Use the 213 brush to pat Naked Lunch onto the inner half of your lid.  We'll be using the 213 to apply all eye shadows unless otherwise noted.






Then apply All That Glitters to the outer half. Blend them together using the  224 brush.  For some reason mine doesn't look blended, but it is, I promise!






Next, take Era and apply it to the crease.  Take it slightly above, and form a shape like the one pictured below.  Blend that out using the 275, as it's denser than the 224 so will soften the line easier.






Now's the time for that concealer brush and Woodwinked.






Apply Woodwinked to your outer V and crease, and blend it out.  I also applied a little Retrospeck over Naked Lunch using the 213 and blended upwards.






Take the stiff eyeliner brush and line your lid with Espresso.  Using eyeshadow creates a far softer look, as fluidlines, or even pencil eyeliners at time, can look a little too dark and harsh.






Line under your eye with All That Glitters (inner) and Espresso (outer).  You don't need a lot, just enough to add a little definition.  I also used my 224 brush to apply a little of Nylon to highlight under my brow.






Next, line your upper water line with your black pencil eyeliner.  This darkens your lashes without the 'OMG you're wearing black eyeliner' look.  This was so hard to take a photo of!






Add your mascara, and that's your eyes done!






Apply NARS Luster using the 187 brush.  It's such a pretty colour and really gives you a healthy glow, but applied with a normal blush brush it's waaaay to dark for us pale girls.






Add Hug Me l/s and Sweet Tooth tendertone and you're all done!











I hope this has been useful.  Constructive criticism is always helpful too


----------



## n_c (Jul 16, 2008)

Great tut.

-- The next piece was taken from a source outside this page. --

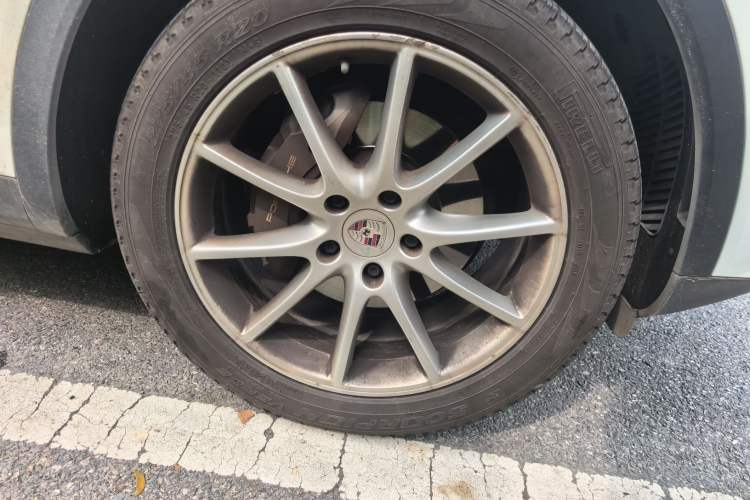 Used Porsche Cayenne 2020 3.0T Standard Version US Specification Right Front Wheel Hub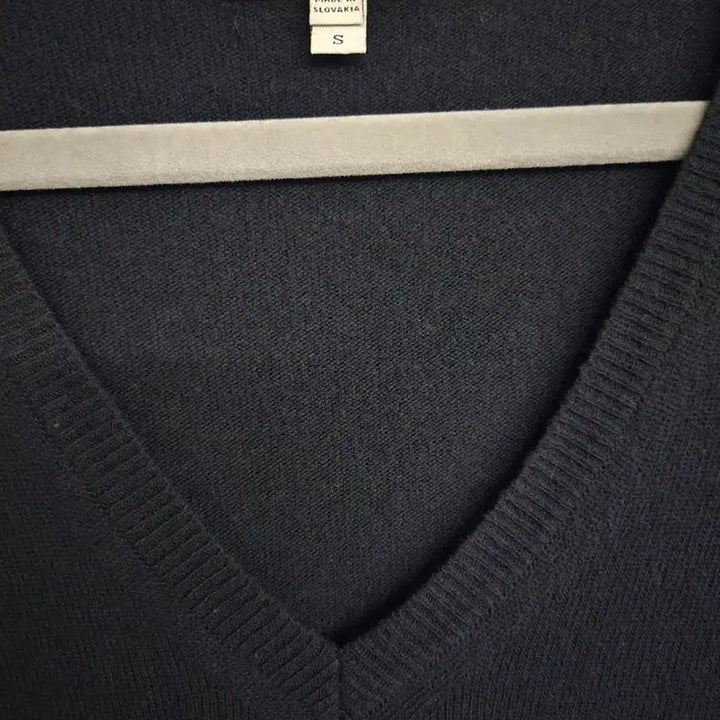[BUNJANG] Burberry V-neck Knit / 정품 버버리 브이넥니트/버버리 블랙 엘보우 패치 니트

Simple and easy to understand...good job


----------



## Hilly (Jul 16, 2008)

beautiful tut! I love how you demonstrated tightlining lol. Looks good!


----------



## adegea (Jul 16, 2008)

Fab tutorial! Thanks.


----------



## SparklingWaves (Jul 16, 2008)

I really like this.  I like that it does not require a lot of products to give that put together look.  Great job!


----------



## ms_bloom (Jul 17, 2008)

I love your eyes - shimmery but clean, smokey but defined. Love it


----------



## MACATTAK (Jul 17, 2008)

Great look!  Thanks for the tutorial


----------



## shell12367 (Jul 17, 2008)

very simple, thanks!


----------



## Mao (Jul 18, 2008)

*Hi, Thanks for this tutorial!*

Even if i don't have blue/grey eyes, it's very useful because i could show to my sister what colors she could used or i could make up their eyes 
	

	
	
		
		

		
		
	


	




You explain very well, and your make up is perfect for everyday 
	

	
	
		
		

		
		
	


	




I hope you'll find the perfect foundation lol It's not easy to find it!Especially for porcelain skin. In china and Japan there are foundation for very very fair skin!! L'oreal has made one. One day if you go there lol I think you could find the perfect foundation lol
	

	
	
		
		

		
		
	


	




sorry my english is poor(i'm french)I make lot of mistakes


----------



## Bright (Aug 8, 2008)

Simple but useful, thanks


----------



## aleksis210 (Aug 8, 2008)

I like this...very nice!


----------



## jdepp_84 (Aug 13, 2008)

I am def going to try this one!


----------



## glam8babe (Aug 13, 2008)

good job


----------



## M!$$_BLinG (Aug 14, 2008)

cute and simple
love it


----------



## cuiran (Aug 14, 2008)

Great look! Thanks for the tutorial


----------



## UrbanEast (Nov 5, 2008)

I just bookmarked this.  Thanks!


----------



## mizuki~ (Nov 5, 2008)

This looks great! Thanks!


----------



## nunu (Nov 8, 2008)

very nice and simple look, thanks!


----------



## dreamiez (Nov 8, 2008)

Instant Radiance concealer  which brand is this from?


----------



## Tin Angel (Nov 8, 2008)

Great tut, simple enough that even I can understand it. And I'm with you on the hunt for the perfect foundation for fair skin!


----------